He shrugged, but he missed casual by a mile. “If this is what I’m preparing Max for, I might as well see it, hadn’t I?”
There wasn’t really any harm.
She nodded. “Sure.”
It wasn’t the quickest walk of her life. Cole’s steps were labored, his exertions of the day clearly taking their toll, but he soldiered on regardless, letting her get the door for him without so much as a protest. To her relief, the main office was still open, the lights all on.
She took another deep breath before stepping inside.
Only to falter the instant she saw who was behind the desk.
Oh well. Nothing for it. Plastering on her best smile, she strode forward. “Mrs. Cunningham. I’m so glad I caught you.”
The woman in question was a fifty-something-year-old nightmare of good manners and bad intentions all rolled up in a designer pantsuit. As the assistant headmistress looked away from her computer, the most withering, condescending expression pinched her mouth.
“Ms. Hartmann. So delightful to see you. Again.” The derision the woman could put into one word. “To what do I owe the pleasure?”
The whole thing made Serena feel about three inches tall, but she kept smiling through it all. “I was just in the neighborhood. Thought I’d stop in and grab the latest schedule for the entrance exams.”

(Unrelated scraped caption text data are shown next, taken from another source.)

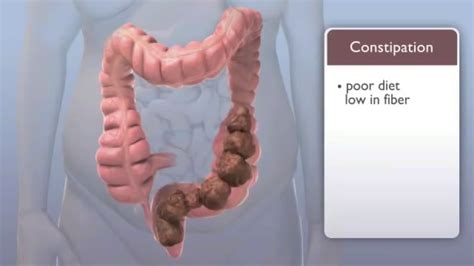 Image result for Flat Poop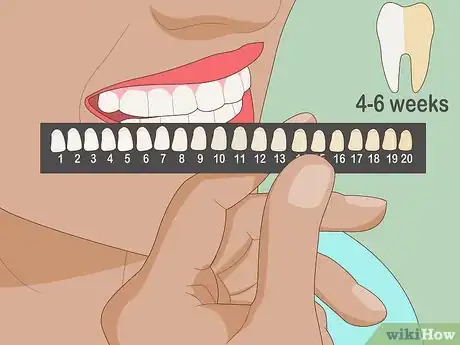 Image titled Protect Gums During Teeth Whitening Step 12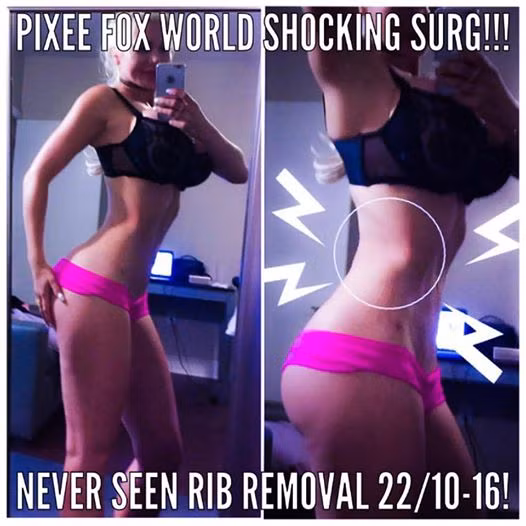 Đến nay, cô người mẫu 9x đã phẫu thuật đến 15 lần, gồm nâng ngực, hút mỡ, nâng mông, …Ca gần đây nhất là rút 6 cái xương sườn để có được vòng eo nhỏ xíu.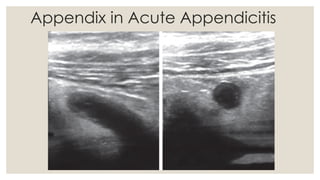 appendix and its diseases in detail for surgery | PPTX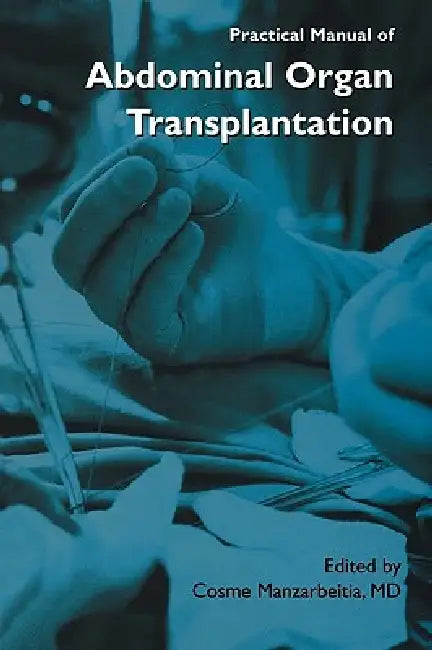 Practical Manual of Abdominal Organ Transplantation by Cosme Manzarbeitia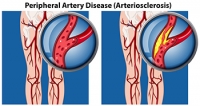 How Peripheral Arterial Disease Affects the Feet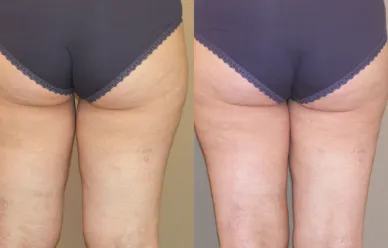 Before & After Gallery Thigh Lift (Thighplasty) 03 | Ocean Clinic Marbella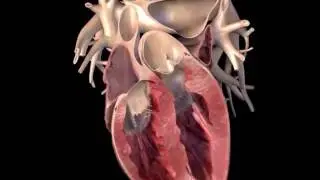 Zygote 3D Polygon Heart Model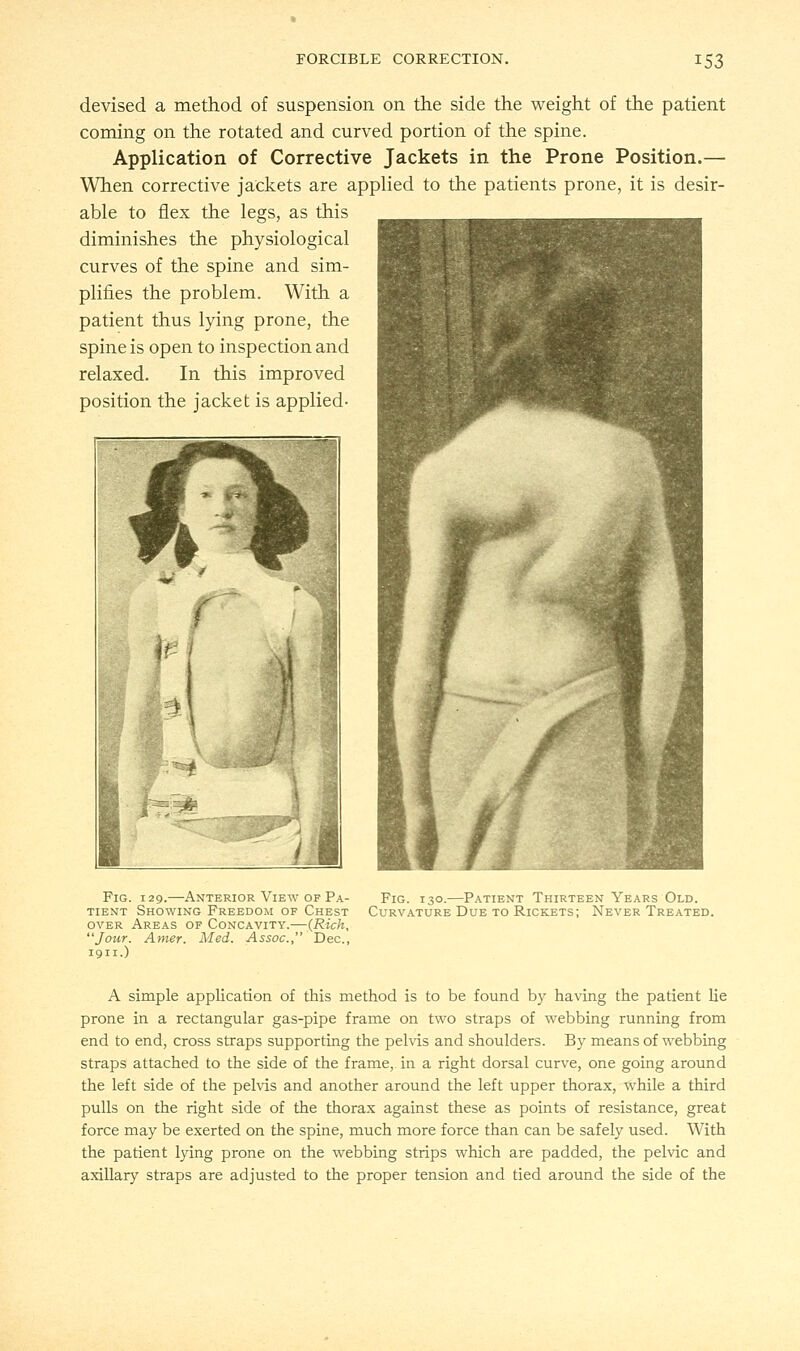 devised a method of suspension on the side the weight of the patient coming on the rotated and curved portion of the spine. Application of Corrective Jackets in the Prone Position.— When corrective jackets are applied to the patients prone, it is desir- able to flex the legs, as this diminishes the physiological curves of the spine and sim- plifies the problem. With a patient thus lying prone, the spine is open to inspection and relaxed. In this improved position the jacket is applied- Fig. 129.—Anterior View of Pa- tient Showing Freedom of Chest over Areas of Concavity.—(Rich, Jour. Amer. Med. Assoc, Dec, 1911.) Fig. 130.—Patient Thirteen Years Old. Curvature Due to Rickets; Never Treated. A simple application of this method is to be found by having the patient lie prone in a rectangular gas-pipe frame on two straps of webbing running from end to end, cross straps supporting the pelvis and shoulders. By means of webbing straps attached to the side of the frame, in a right dorsal curve, one going around the left side of the pelvis and another around the left upper thorax, while a third pulls on the right side of the thorax against these as points of resistance, great force may be exerted on the spine, much more force than can be safely used. With the patient lying prone on the webbing strips which are padded, the pelvic and axillary straps are adjusted to the proper tension and tied around the side of the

“Yes, it has changed so much since we printed it in February. Or since we placed it on our website.”
Serena’s mouth hurt from the effort it took to keep the corners lifted. “Well. Max, my nephew, you know, he’d just be so disappointed if we missed out on anything.”
Sighing, Mrs. Cunningham gestured toward the display in the corner of the room with all the prospective student information. As if Serena didn’t know where it was.
Right. “I’ll just help myself, then.”
Still clutching her plate of cookies, she headed that way, her stomach twisting low in the pit of her abdomen. Two minutes of thinly veiled dismissals with this woman had wrung her out.
Her face warmed, her eyes tingling, and she buried her gaze in the rows of brochures.
Maybe she’d been kidding herself all along. She wanted this so badly for Max. A fresh school, a better school...Serena couldn’t give him his mother back—couldn’t make her sister decide to be involved in her own incredible, amazing kid’s life. But this was something she’d imagined she might be able to do for him. Something she could give him.
But she didn’t belong here. Hell, she was probably hurting his chances just being here.
Before she could sink too deeply into her own little pity party, the dull thumping of crutches on tile caught up with her. It sent a fresh wave of annoyance humming through her veins. She’d thought Cole had been right behind her, but now here he was. She glanced back at him, but at the sight of him, she had to stifle a groan.
Here he was in gym clothes, jaw shadowed by two days’ worth of stubble and his hair a sweaty mess.
God, Mrs. Cunningham was going to throw him out on his ass. Meticulously politely, but still. And here Serena’d been trying to make a good impression.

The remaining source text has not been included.